Initially the show was to be made up of works that Havana was going to lend to the New York museum, but in the end it decide not to allow them to be sent to the United States. US organizers tried to save the situation with the presentation of 60 pieces of Cuban art collected from other parts of the world.
Bruguera said it would be hypocritical that she is not allowed to exhibit her work in Cuba, but that her work would be used to clean up the image of what is happening on the island.
Bruguera said it would be hypocritical that she is not allowed to exhibit her work in Cuba, but that her work would be used to clean up the image of what is happening on the island. The artist pointed to the director of the Holly Block museum, for playing an important role in everything that happened.

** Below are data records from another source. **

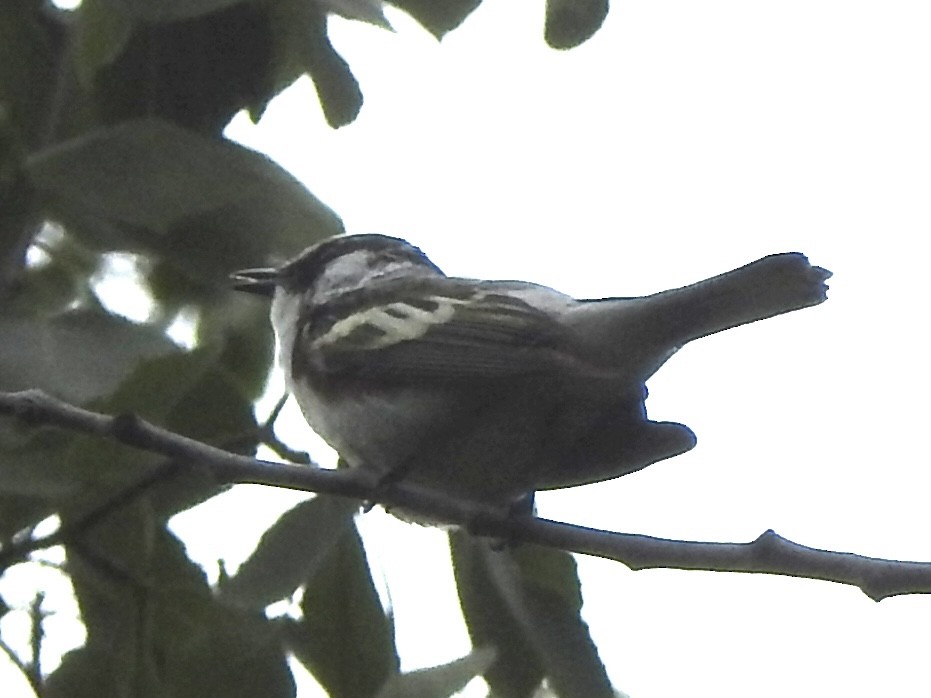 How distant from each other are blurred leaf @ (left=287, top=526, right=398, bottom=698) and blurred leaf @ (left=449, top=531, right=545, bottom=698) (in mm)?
176

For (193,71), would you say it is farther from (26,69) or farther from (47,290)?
(47,290)

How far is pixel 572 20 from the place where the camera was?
2.26 metres

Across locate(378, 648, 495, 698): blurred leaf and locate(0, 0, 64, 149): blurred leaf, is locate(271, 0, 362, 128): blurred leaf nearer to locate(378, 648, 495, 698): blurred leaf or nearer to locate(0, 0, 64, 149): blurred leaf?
locate(0, 0, 64, 149): blurred leaf

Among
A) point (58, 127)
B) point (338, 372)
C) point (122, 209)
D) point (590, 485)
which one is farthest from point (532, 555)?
point (58, 127)

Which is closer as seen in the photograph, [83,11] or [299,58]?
[83,11]

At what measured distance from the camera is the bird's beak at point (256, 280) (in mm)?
2309

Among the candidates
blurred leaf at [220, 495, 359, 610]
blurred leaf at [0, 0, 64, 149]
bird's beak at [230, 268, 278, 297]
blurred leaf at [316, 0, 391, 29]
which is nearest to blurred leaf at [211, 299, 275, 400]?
bird's beak at [230, 268, 278, 297]

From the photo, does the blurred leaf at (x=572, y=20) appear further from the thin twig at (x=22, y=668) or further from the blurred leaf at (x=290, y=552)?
the thin twig at (x=22, y=668)

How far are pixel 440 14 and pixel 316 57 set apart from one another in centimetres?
25

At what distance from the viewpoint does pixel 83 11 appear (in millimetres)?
2139

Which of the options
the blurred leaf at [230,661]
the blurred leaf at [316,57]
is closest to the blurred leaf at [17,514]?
the blurred leaf at [230,661]

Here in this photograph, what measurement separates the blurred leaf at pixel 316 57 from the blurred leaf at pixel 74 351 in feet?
1.61

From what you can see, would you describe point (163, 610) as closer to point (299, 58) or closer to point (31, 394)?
point (31, 394)

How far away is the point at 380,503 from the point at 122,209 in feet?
1.74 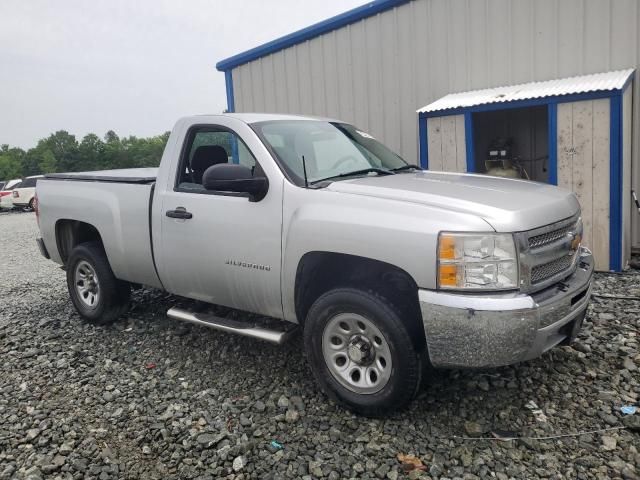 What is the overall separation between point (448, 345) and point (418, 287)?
36cm

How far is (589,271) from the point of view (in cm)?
374

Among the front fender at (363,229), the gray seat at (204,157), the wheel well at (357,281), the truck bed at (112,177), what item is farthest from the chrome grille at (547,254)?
the truck bed at (112,177)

This Friday, the artist stressed that her withdrawal from the show is part of “a long tradition among artists in the case when a context implies complicity or a political alliance that endangers the meaning of the work.”
“Being in this exhibition would be to obviate a part of history” that of the censored. “The Wild Noise exposition is contaminated by the political interests that hide the censorship that exists in Cuba,” the artist said.
At the press conference, Bruguera proposed donating to the victims of Hurricane Matthew the $2.5 million that the Bronx Museum, along with other institutions and individuals, “are collecting to reproduce a sculpture in Central Park and donate it to a country which already has a Martí on every corner.”
“If it is to help the Cuban people, it is not helped by projects of personal vanity,” said Bruguera, who asked for “institutional transparency from the Cuban government regarding the use and destination of donations and aid from governments, non-governmental institutions and individuals.”